Unlike the traditional sieve of Eratosthenes:
n=10000000
sieve = [True] * n
for i in range(3,int(n**0.5)+1,2):
if sieve[i]:
sieve[i*i::2*i]=[False]*((n-i*i-1)//(2*i)+1)
sieve=[2] + [i for i in range(3,n,2) if sieve[i]]
What is the time complexity of the following enhanced version?
n=10000000
sieve5m6 = [True] * (n//6+1)
sieve1m6 = [True] * (n//6+1)
for i in range(1,int((n**0.5+1)/6)+1):
if sieve5m6[i]:
sieve5m6[6*i*i::6*i-1]=[False]*((n//6-6*i*i)//(6*i-1)+1)
sieve1m6[6*i*i-2*i::6*i-1]=[False]*((n//6-6*i*i+2*i)//(6*i-1)+1)
if sieve1m6[i]:
sieve5m6[6*i*i::6*i+1]=[False]*((n//6-6*i*i)//(6*i+1)+1)

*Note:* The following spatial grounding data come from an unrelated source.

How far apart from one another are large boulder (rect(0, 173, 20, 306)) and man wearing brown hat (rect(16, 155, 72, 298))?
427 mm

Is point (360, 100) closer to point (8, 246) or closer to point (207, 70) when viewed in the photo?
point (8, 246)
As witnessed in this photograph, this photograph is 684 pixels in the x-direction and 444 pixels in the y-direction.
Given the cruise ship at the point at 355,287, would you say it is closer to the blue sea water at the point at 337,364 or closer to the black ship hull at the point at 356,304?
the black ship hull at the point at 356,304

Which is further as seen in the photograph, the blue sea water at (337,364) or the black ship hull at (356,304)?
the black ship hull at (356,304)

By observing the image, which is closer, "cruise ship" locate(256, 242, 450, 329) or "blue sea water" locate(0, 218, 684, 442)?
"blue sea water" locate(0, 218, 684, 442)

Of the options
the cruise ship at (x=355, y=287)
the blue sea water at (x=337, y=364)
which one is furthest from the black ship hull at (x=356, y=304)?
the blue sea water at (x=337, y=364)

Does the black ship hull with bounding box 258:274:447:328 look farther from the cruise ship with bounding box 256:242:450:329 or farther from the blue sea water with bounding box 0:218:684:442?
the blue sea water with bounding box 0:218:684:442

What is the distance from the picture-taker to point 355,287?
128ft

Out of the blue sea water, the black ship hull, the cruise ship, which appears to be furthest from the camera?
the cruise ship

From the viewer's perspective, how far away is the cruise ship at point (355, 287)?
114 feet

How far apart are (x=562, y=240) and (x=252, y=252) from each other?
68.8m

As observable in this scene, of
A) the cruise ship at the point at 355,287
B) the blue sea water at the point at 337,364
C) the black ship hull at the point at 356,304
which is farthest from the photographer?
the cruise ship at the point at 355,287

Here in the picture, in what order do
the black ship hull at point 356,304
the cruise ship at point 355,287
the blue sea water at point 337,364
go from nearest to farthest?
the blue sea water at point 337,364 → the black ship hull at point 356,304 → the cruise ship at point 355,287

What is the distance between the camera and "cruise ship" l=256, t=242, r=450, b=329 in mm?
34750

sieve1m6[6*i*i+2*i::6*i+1]=[False]*((n//6-6*i*i-2*i)//(6*i+1)+1)
sieve=[2,3]
for i in range(1,int(n/6)+1):
if sieve5m6[i]:
sieve.append(6*i-1)
if sieve1m6[i]:
sieve.append(6*i+1)
Better version with numpy array functions useful for n> 10 ^ 9:
def sieve(n):
baseW=30
baseP=np.array([-23,-19,-17,-13,-11,-7,-1,1])
C=np.ones((len(baseP),len(baseP)), dtype=int)
C1=np.zeros((len(baseP),len(baseP)), dtype=int)
C=np.multiply(np.dot(np.diag(baseP),C),np.dot(C,np.diag(baseP)))
C=C%baseW
C[C>1] = C[C>1] -baseW
for i in range(len(baseP)) :
C1[i,:]=baseP[np.argwhere(C==baseP[i])[:,1]]
primeB=np.ones((len(baseP),n//baseW+1), dtype=bool)
for j in range(1,int((n**0.5-baseP[0])/baseW)+1):
for i in range(len(baseP)):
if primeB[i,j]:
for i1 in range(len(baseP)):
j1=1-1*i1//(len(baseP)-1)+baseW*j*j+(baseP[i]+C1[i1,i])*j+np.dot(baseP[i],C1[i1,i])//baseW
primeB[i1,j1::(baseW*j+baseP[i])] =False
return np.append([2,3,5],baseP[np.nonzero(primeB.T)[1][len(baseP):]]+baseW*np.nonzero(primeB.T)[0][len(baseP):])
The complexity is the same. The second version may perform faster because it skips more factors but the relationship to n in the same order of magnitude.
In other words you have O(f2) = K * O(f1) = O(f1) where K is a constant and unrelated to n.
If you want something that has a (slightly) better time complexity than the sieve of Eratosthenes, you may want to look at the sieve of Atkin, although it may not have better overall performance due to the higher cost of each iteration.